*Data shown*.
= Beginning of Section =

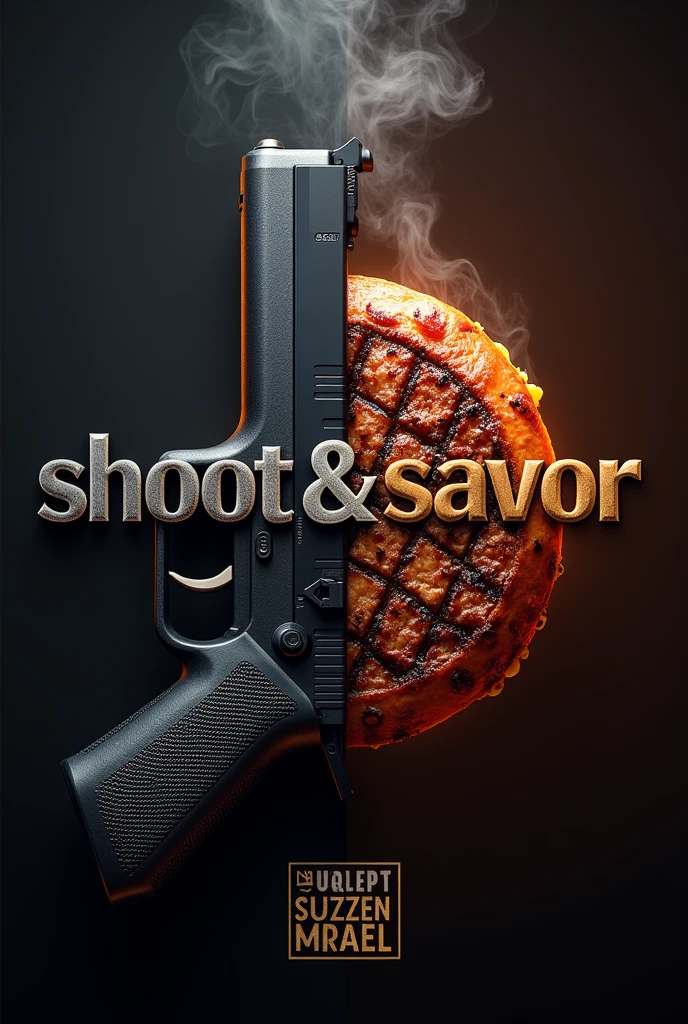 "Design a dynamic and visually appealing profile image for a YouTube channel named 'Shoot & Savor.' The image should feature a fusion of two primary elements: firearms and food. On one side, incorporate a sleek, modern firearm (such as a handgun or rifle) with intricate detailing, symbolizing the 'Shoot' aspect. On the other side, depict a gourmet dish, perhaps a perfectly grilled steak or a sizzling burger, representing the 'Savor' element. The background should blend dark metallic tones and rich, warm colors to enhance both themes. In the center, where the two elements meet, create a subtle, balanced overlap with smoke or steam effects that unite the themes. The text 'Shoot & Savor' should be bold, modern, and integrated smoothly into the design, perhaps with a metallic finish on 'Shoot' and a textured, appetizing look on 'Savor.'"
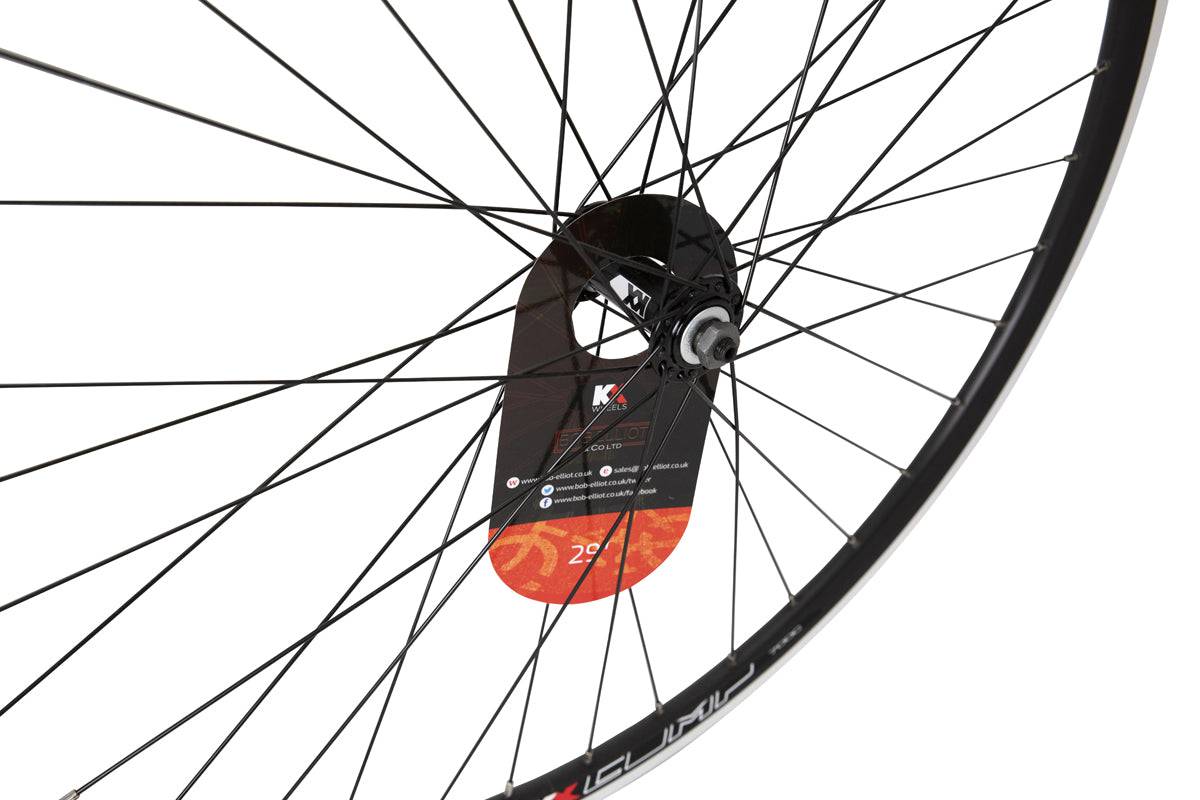 KX MTB 29-inch front wheel with double-wall rim, quick release, 36 spokes, black finish for mountain biking components.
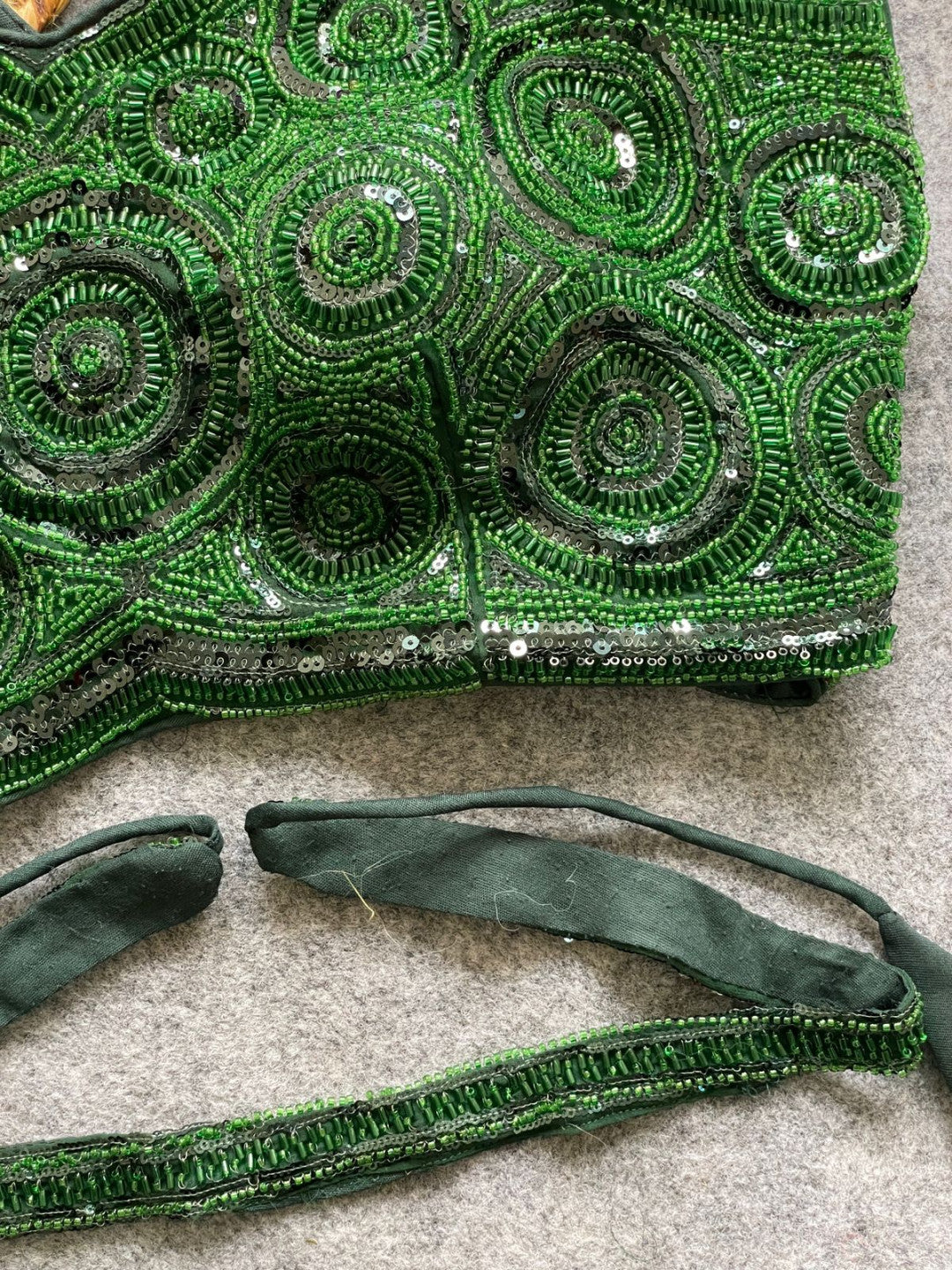 Green georgette fancy readymade blouse with handwork with Belt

= End of Section =

*Problem description*.
Your task is to output the material word for word while leaving out every image.

*Task output*.
 "Design a dynamic and visually appealing profile image for a YouTube channel named 'Shoot & Savor.' The image should feature a fusion of two primary elements: firearms and food. On one side, incorporate a sleek, modern firearm (such as a handgun or rifle) with intricate detailing, symbolizing the 'Shoot' aspect. On the other side, depict a gourmet dish, perhaps a perfectly grilled steak or a sizzling burger, representing the 'Savor' element. The background should blend dark metallic tones and rich, warm colors to enhance both themes. In the center, where the two elements meet, create a subtle, balanced overlap with smoke or steam effects that unite the themes. The text 'Shoot & Savor' should be bold, modern, and integrated smoothly into the design, perhaps with a metallic finish on 'Shoot' and a textured, appetizing look on 'Savor.'"
 KX MTB 29-inch front wheel with double-wall rim, quick release, 36 spokes, black finish for mountain biking components.
 Green georgette fancy readymade blouse with handwork with Belt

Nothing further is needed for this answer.